We are not there yet, because offices in this localization are quite expensive, and our competition, investment funds, can raise money at a much lower cost. However, if we see a building which is not leased, needs renovation and the funds are not interested in it, we will go and check it. Of course, we will not purchase a building that costs one billion dollars tomorrow, but we are ready to check out the opportunities in the city center.

You mentioned renovations a couple of times. What is Adgar’s input in the buildings that changes them into valuable assets?

We do not see a problem with these buildings, but potential. We bring additional services. If you go to Mokotów, where Adgar Business Center and Konstruktorska are, you will find kindergartens, conference spaces, wi-fi, gyms, swimming pools, data centers.  We plan to do the same in Adgar Park West. This is why we are not keen on not like smaller buildings. With 5000 sqm. you hardly have space to put a grocery shop. In addition, it is important that when the tenants talk with us, they know that in 5 years they will be dealing with the same people in Adgar. We have not come here to make a fast profit and leave. Our advantage is our experience and long- term vision, which includes  additional services in the building.

Are these additional services translated into differences in rents?

In Adgar Plaza we offer a market price, but with better package. In Adgar West Park we are able to provide something even  more interesting for tenants, because we purchased the building at a very convenient price, and even with all the investments we plan, we still can offer 12,5 euro per square meter. If you check our other office buildings nearby, the price is approximately 15 euro per sqm. So we can provide a cheaper offer with a better package.

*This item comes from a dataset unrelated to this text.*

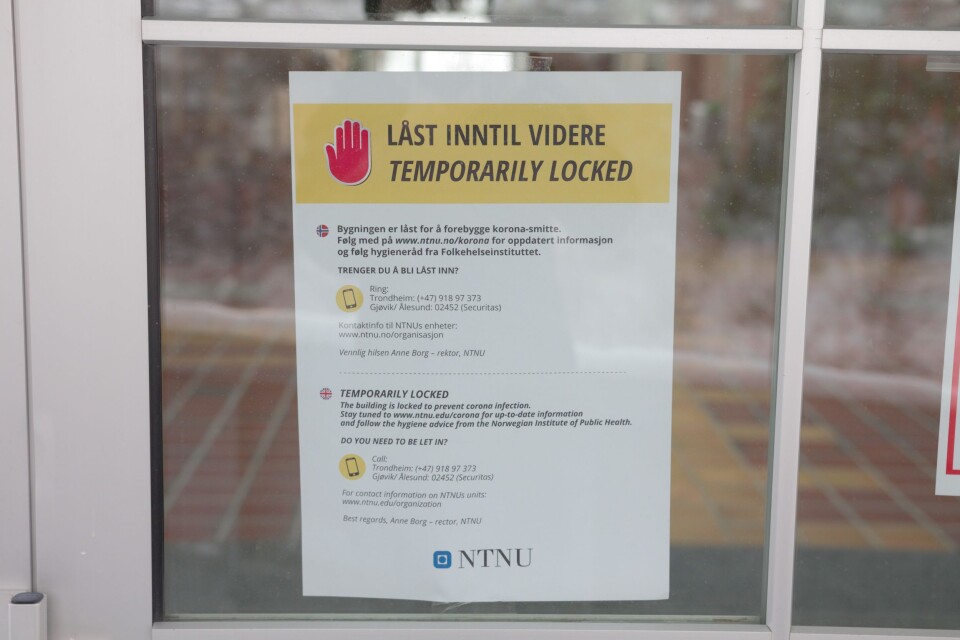 Hvor strengt? Til tross for beskjeder som dette var det flere steder man kunne komme seg inn uten adgangskort på campus fredag.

So has this paid off for Adgar?


We are a public company. Just check our books and you will see that we are profitable, mainly due to long term leases. I will give you a one example. If I have to replace the tenants every 5 years, because I was not been able to keep them satisfied, I would be forced to spend a lot of money on finding  new ones. It costs more than 300 euros per square meter, plus the cost of the vacancy plus the marketing. So at the end of the day, it is not important whether we make  1 euro more or less from the rent, but to have a great tenant and a good tenant mix. We also offer conference space, data centers and cleaning services, and this gives us extra income.

Long-term and loyal tenants are the dream of an investment funds. Do you have a lot of offers from them and plan to sell some of yours assets?

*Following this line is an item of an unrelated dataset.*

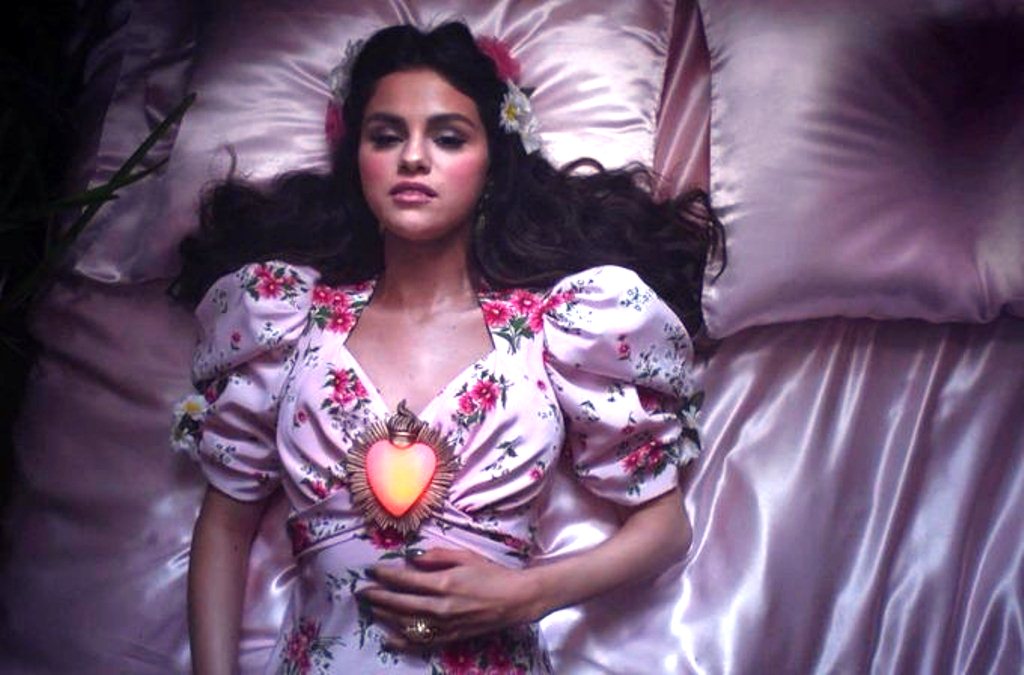 Selena lanzó sencillo en español - noticiasACN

First of all, we are not that in love with our buildings. So, if we get an offer to which it is not possible to say no, sure we would sell. But we have a different vision of price than the funds. Most of the time, the price the funds see is not the price that we expect. But we do sometimes sell buildings. For example, we sold our portfolio in England to go to other markets like Canada. Still, we purchase more than we sell.

Adgar originates from Israel. Do you see cultural differences between our countries in terms of doing business?

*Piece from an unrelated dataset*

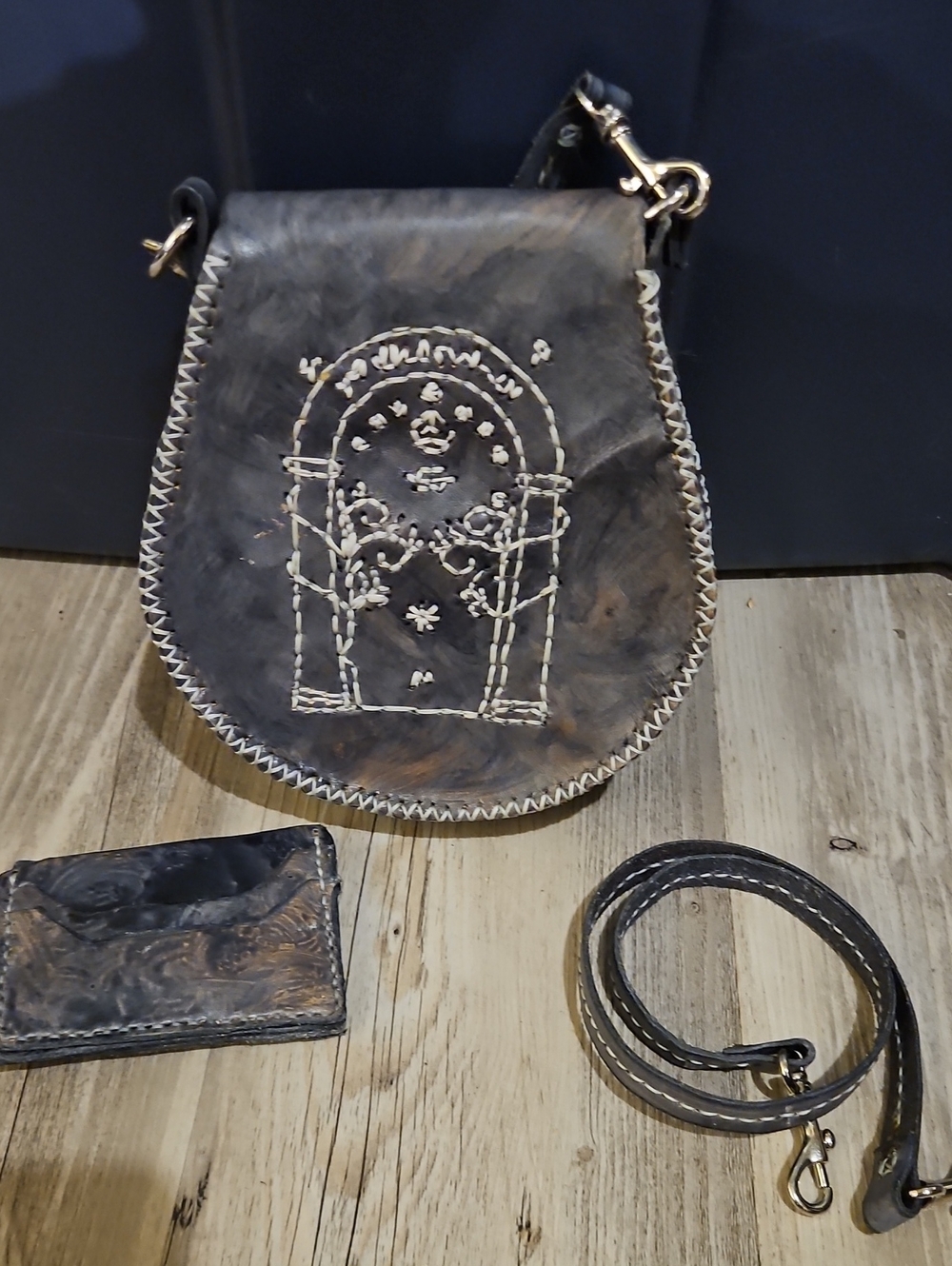 Handcrafted Brown Leather Crossbody Bag with Turquoise Art Detail - Picture 2 of 5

Of course,  although many people in Israel are Polish, like me. So I can see some similarities. I cannot say  that it is easier to do business in either of these countries. Money is not to be found lying on the pavement anywhere. In Poland there is still a little bit more bureaucracy, although in Israel this is also a problem. From that point of view,  it is easier in Canada. But I think that Poland has made a big step forward during the last 10 years. It is much easier to do business now, and there are more foreign companies: tenants, contractors, developers.

So is there anything you expect the government to change?

If you check the index of ease of doing business, Poland is climbing the ranking year upon year. Poland is slowly, but truly developing. I only expect that the government  keeps going in this direction, not too fast, but not too slow.

So no complaints?

In Poland, it is hard to say no complaints (laughs). But no, no complaints.